1

I want to remove the string between the first pair of < >

Original text:

< a href="ACM-Reference-Format.dbx"> ACM-Reference-Format.dbx < /a > 

I want to be left with just

ACM-Reference-Format.dbx</a> 

I tried using

sed 's/[<->]*/ but it only removed the first <

2 Answers2

1

In regex [] will define a character class, which will match any character in between the brackets. For example you could match any character in the alphabet between a-z with [a-z]. This won't help with your example.

What you want to do instead is match < followed by any character followed by >.

Usually you could to that with <.*?>, but as Panki pointed out sed doesn't support non-greedy matches.

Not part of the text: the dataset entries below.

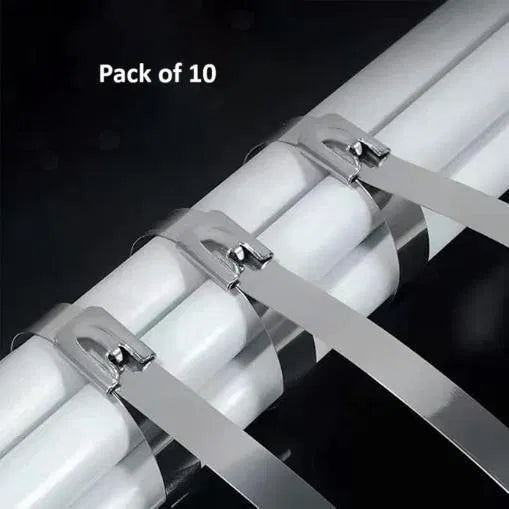 Stainless Steel Cable Lock Ties (Pack of 10) | Heavy Duty Metal Zip Ties for Industrial, Home, Office, Electrical & Outdoor Use | Rust-Resistant, Durable Fastening Solution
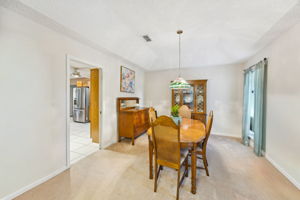 The dining room comfortably accommodates seating for eight to ten ...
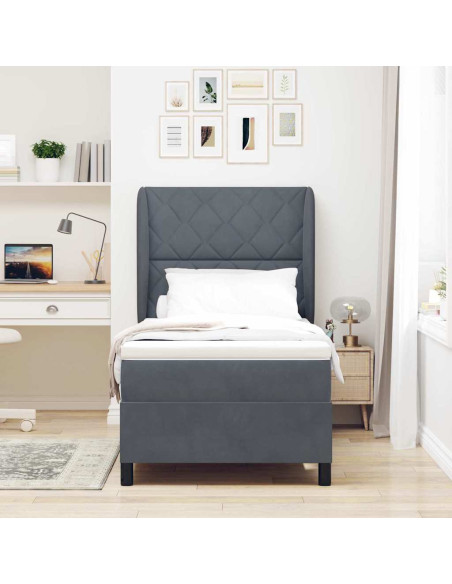 Letto a molle con testiera Grigio scuro 200 x 100 cm Velluto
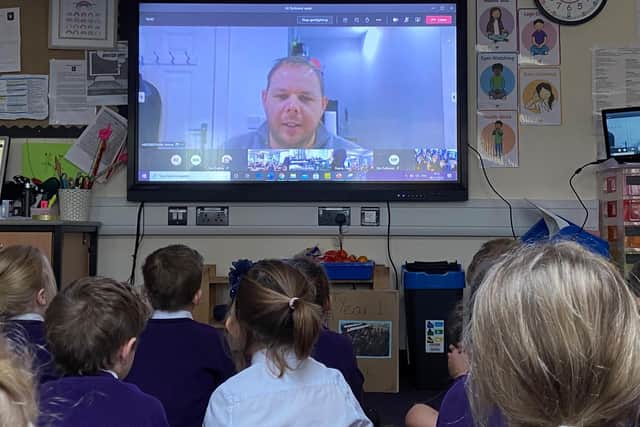 Burnley MP Antony Higginbotham is put through his paces by pupils at St Mary Magdalene's RC Primary School.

You can instead match any character, except for > and /:

sed 's/<[^>\/]*>\s//'

Example:

─$ echo "< a href="ACM-Reference-Format.dbx"> ACM-Reference-Format.dbx < /a > " | sed 's/<[^>\/]*>\s//'
ACM-Reference-Format.dbx < /a > 

Explanation:

<[^>\/]*>
<           #matches <
 [^   ]     #negated character class, matches any character except the ones specified
   > /      #the characters not to be matched
    \       #escaping the following slash to prevent it from being interpreted as special symbol
       *    #matches previous character between 0 and infinity times
        >   #matches >
mashuptwice
  • 1,383
0

You can do the following:

$ sed 's/[^>]*> \([^>]*\)/\1/' file # or string
ACM-Reference-Format.dbx < /a >